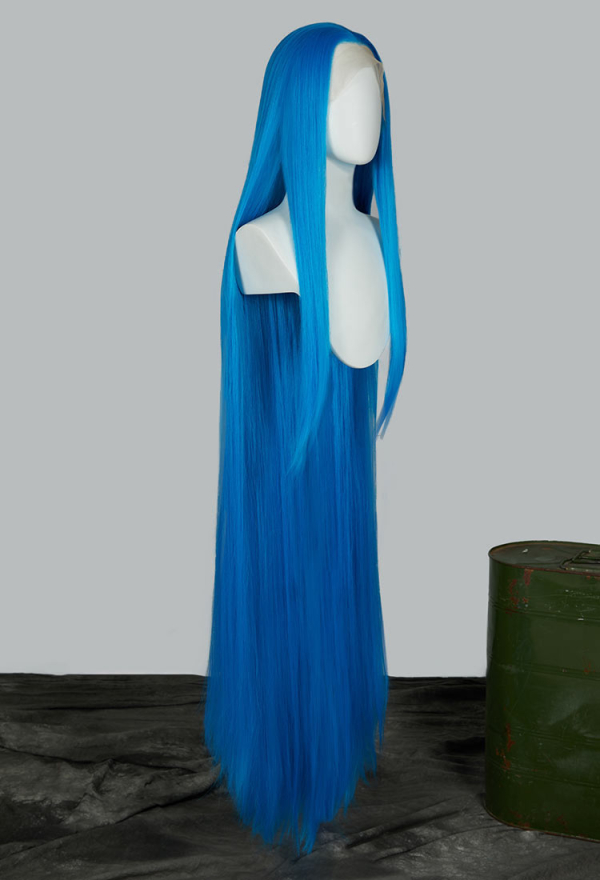 Cosplay Blue Lace Wig 140cm Full Long Straight Wig
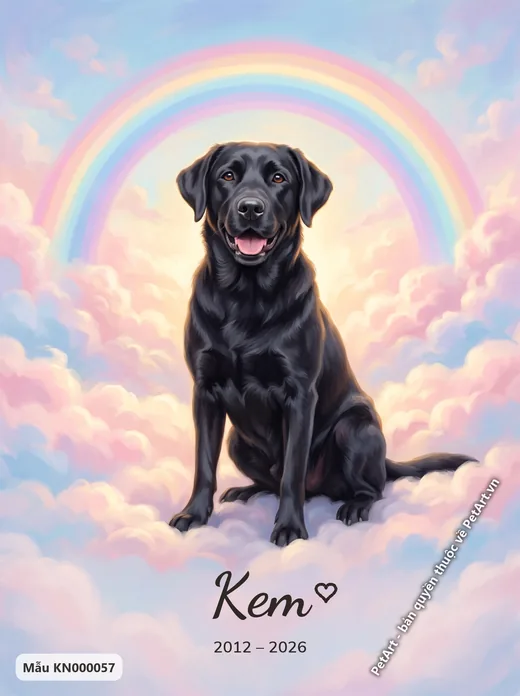 Tranh cầu vồng chó Labrador đen ngồi mây · ảnh tranh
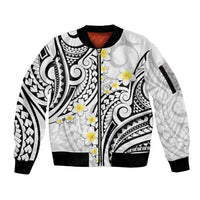 Plumeria With White Polynesian Tattoo Pattern Sleeve Zip Bomber Jacket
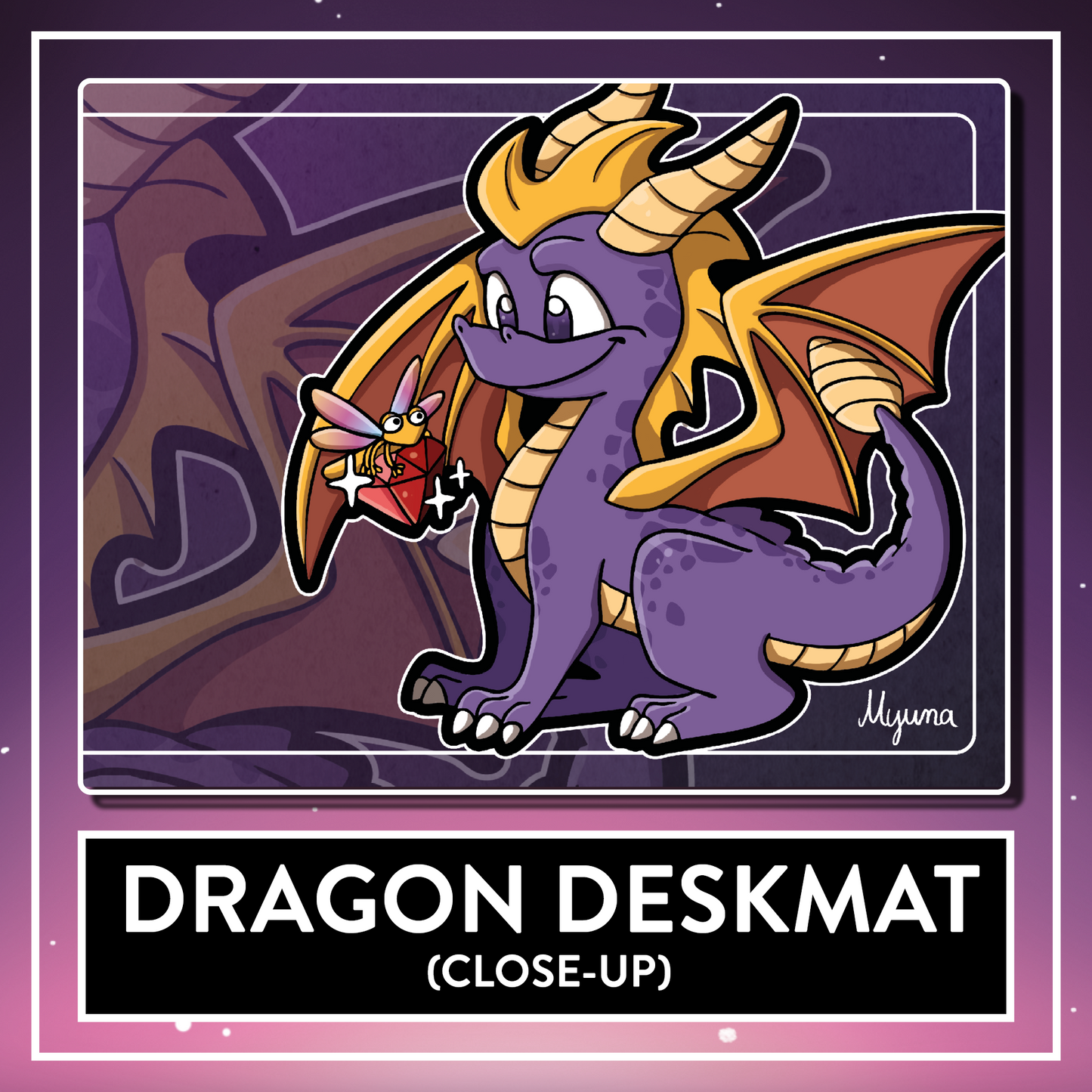 Purple Dragon Deskmat - BIG Retro Gaming Mousepad, Computer & Desktop Mat, 90x40cm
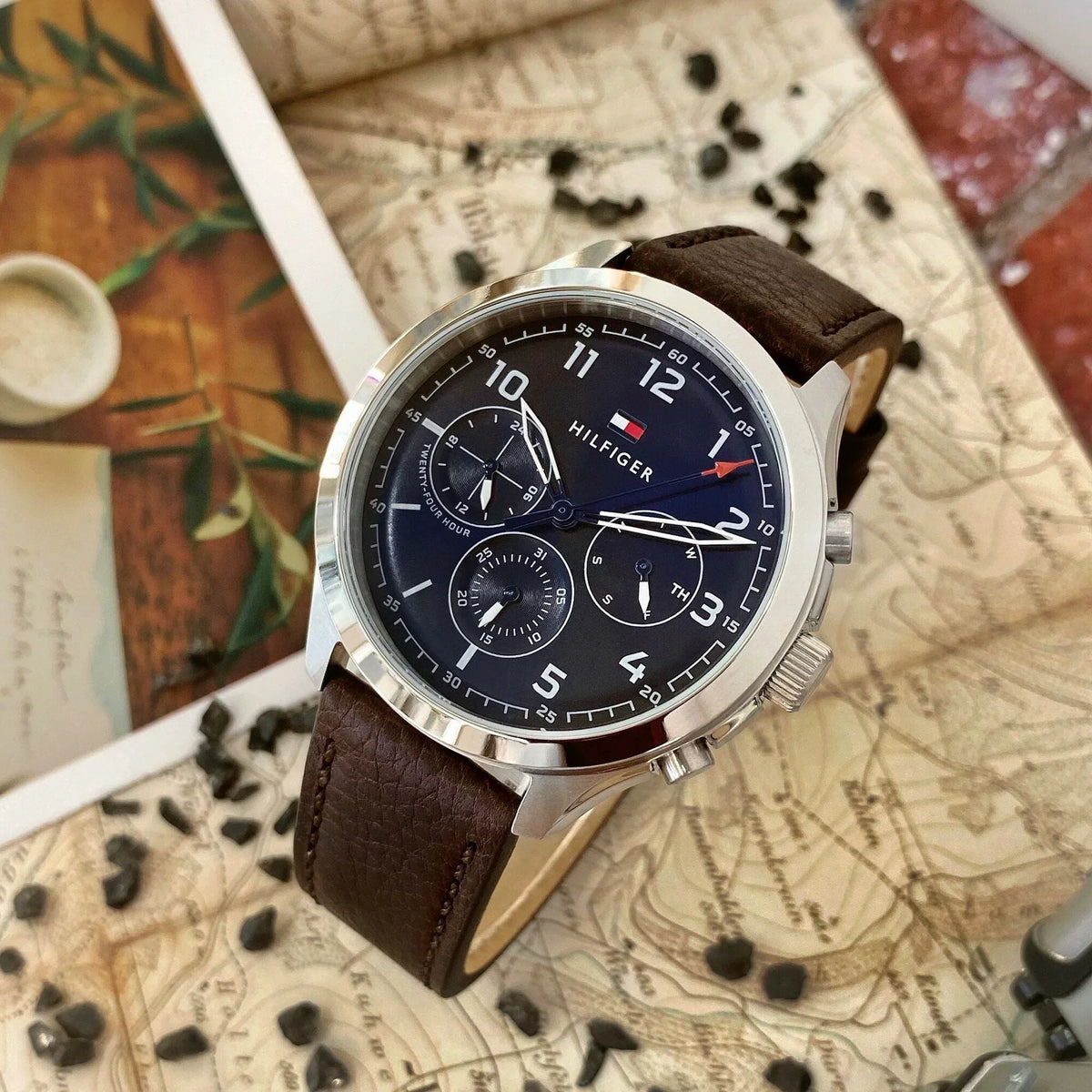 Shop Authentic Tommy Hilfiger Asher Chrongraph Blue Dial Brown Leather Strap Watch For Men - 1791855 - Luxxuri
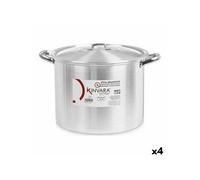 Marmite avec couvercle Argenté Aluminium 38 x 25 x 31 cm 4 Unités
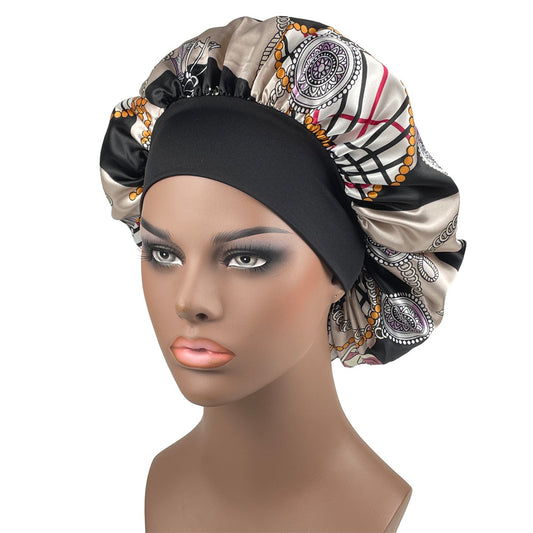 Printed Wide Ribbon Hair Cap Satin Bonnet for Women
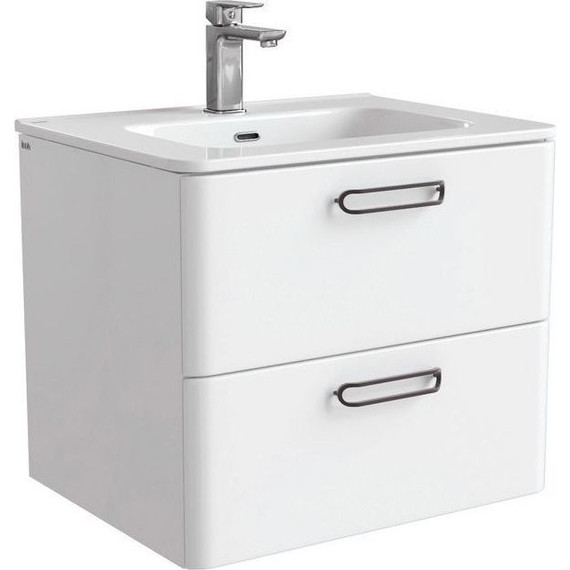 Тумба подвесная с раковиной Iddis Brick 60 см BRI60W0i95K, белый глянец - фото 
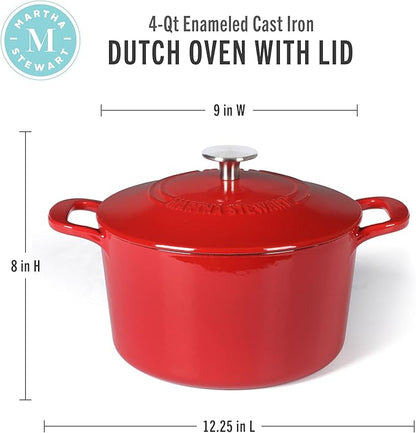Martha Stewart Gatwick 4 Quart Enamel Cast Iron Dutch Oven - Image 2
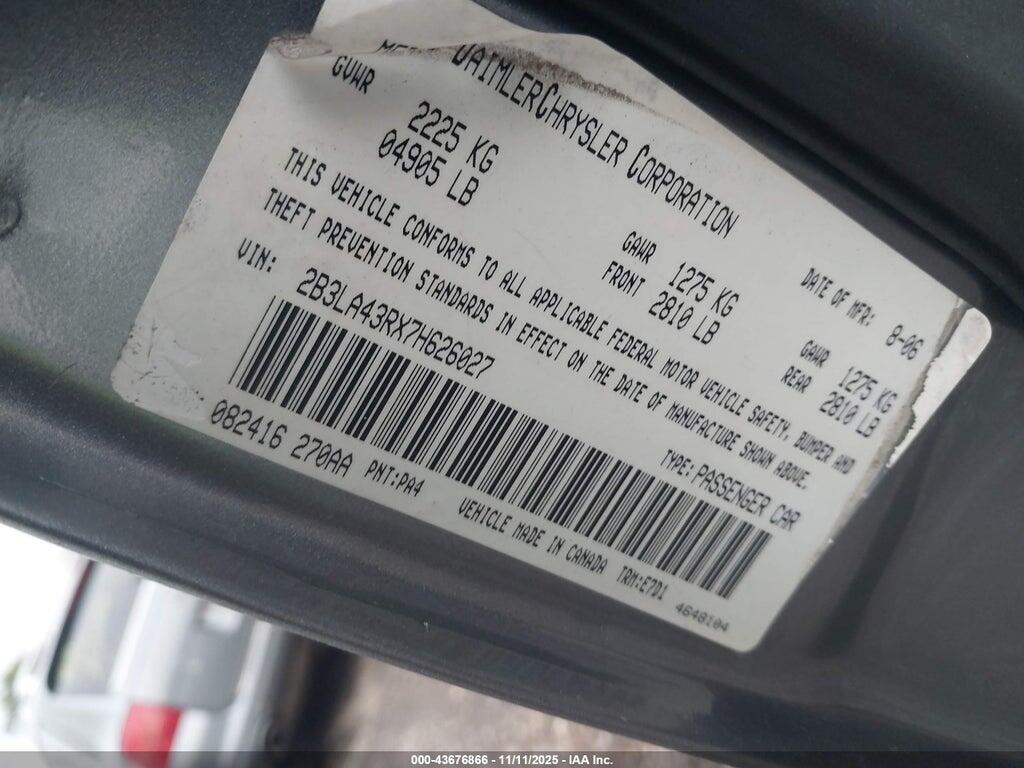 2B3LA43RX7H626027 2007 DODGE CHARGER photo no. 9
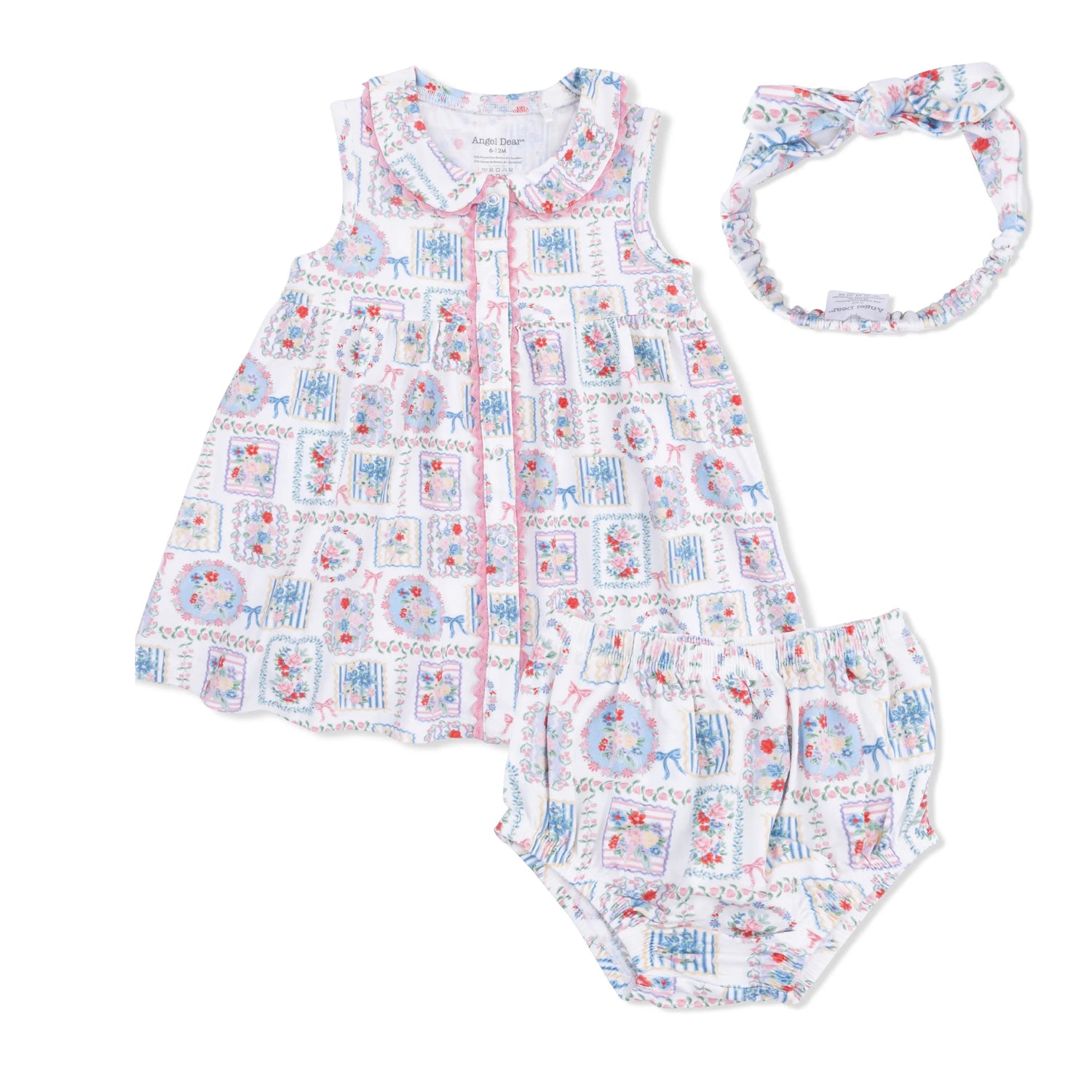 Angel Dear Julep's Floral Patchwork - Jill Dress with Bloomer & Knot Headband Set - 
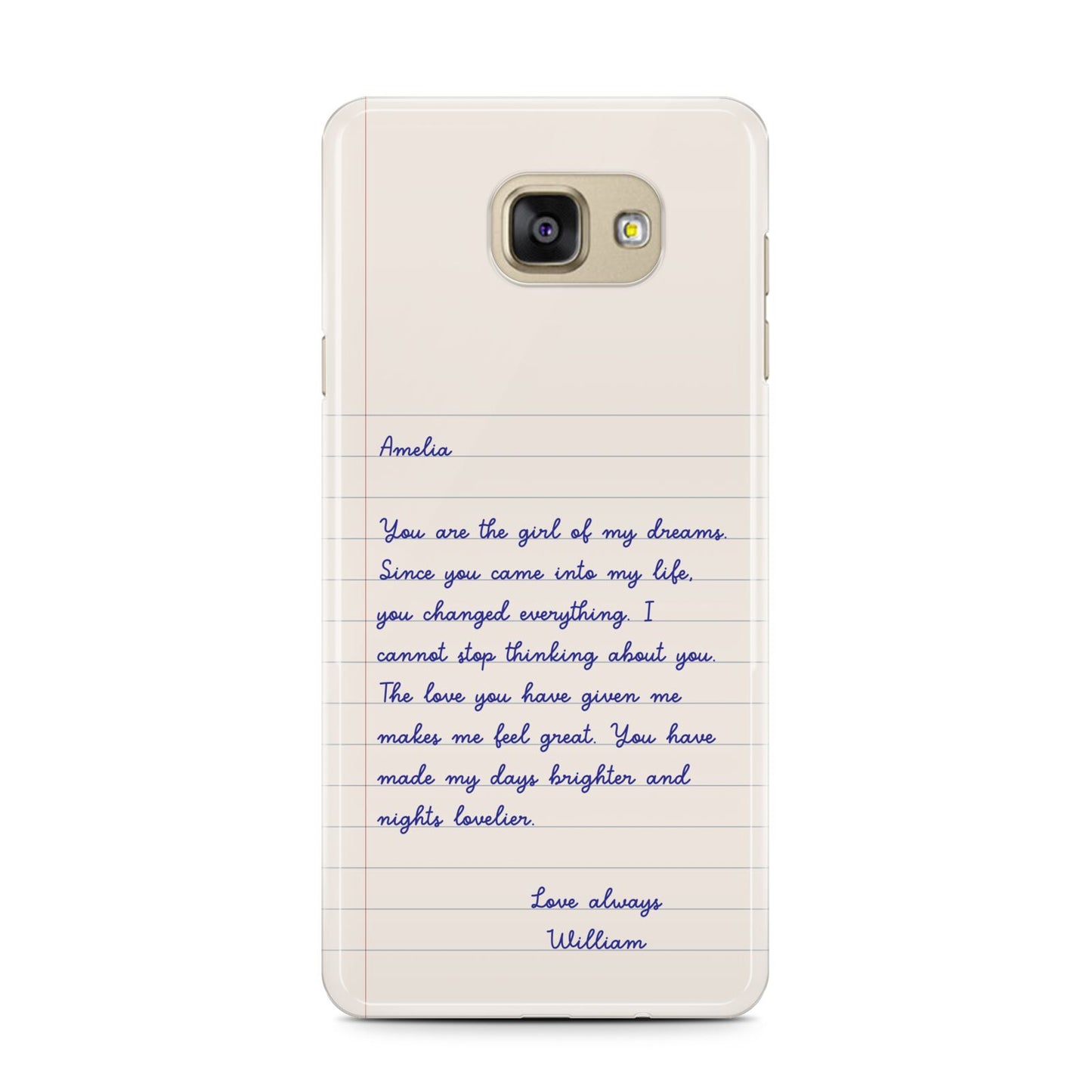 Personalised Love Letter Samsung Galaxy A7 2016 Case on gold phone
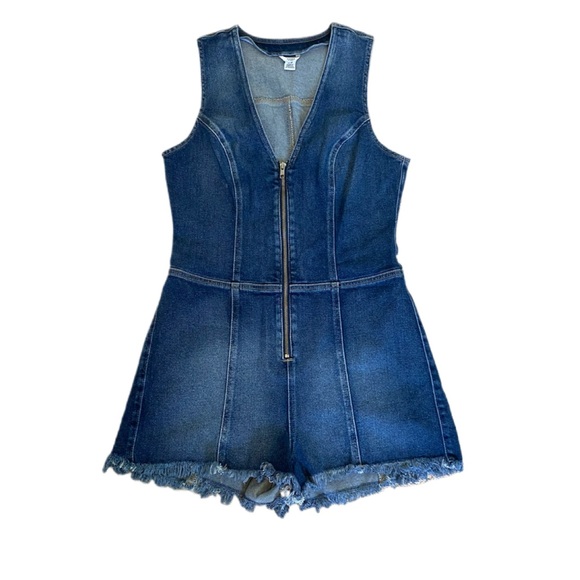 Guess Pants - Guess Jeans Women’s Front Zip V Neck One Piece Shorts Denim Fringed Romper Sz L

= = = = =

» **WHAT YOU HAVE TO DO**: Set the pictures aside and reproduce exactly the lines above, from the line holding "Plumeria With White" through the line holding "2B3LA43RX7H626027 2007 DODGE", both included, with nothing else.

» **THE ANSWER**:
 Plumeria With White Polynesian Tattoo Pattern Sleeve Zip Bomber Jacket
 Purple Dragon Deskmat - BIG Retro Gaming Mousepad, Computer & Desktop Mat, 90x40cm
 Shop Authentic Tommy Hilfiger Asher Chrongraph Blue Dial Brown Leather Strap Watch For Men - 1791855 - Luxxuri
 Marmite avec couvercle Argenté Aluminium 38 x 25 x 31 cm 4 Unités
 Printed Wide Ribbon Hair Cap Satin Bonnet for Women
 Тумба подвесная с раковиной Iddis Brick 60 см BRI60W0i95K, белый глянец - фото 
Martha Stewart Gatwick 4 Quart Enamel Cast Iron Dutch Oven - Image 2
 2B3LA43RX7H626027 2007 DODGE CHARGER photo no. 9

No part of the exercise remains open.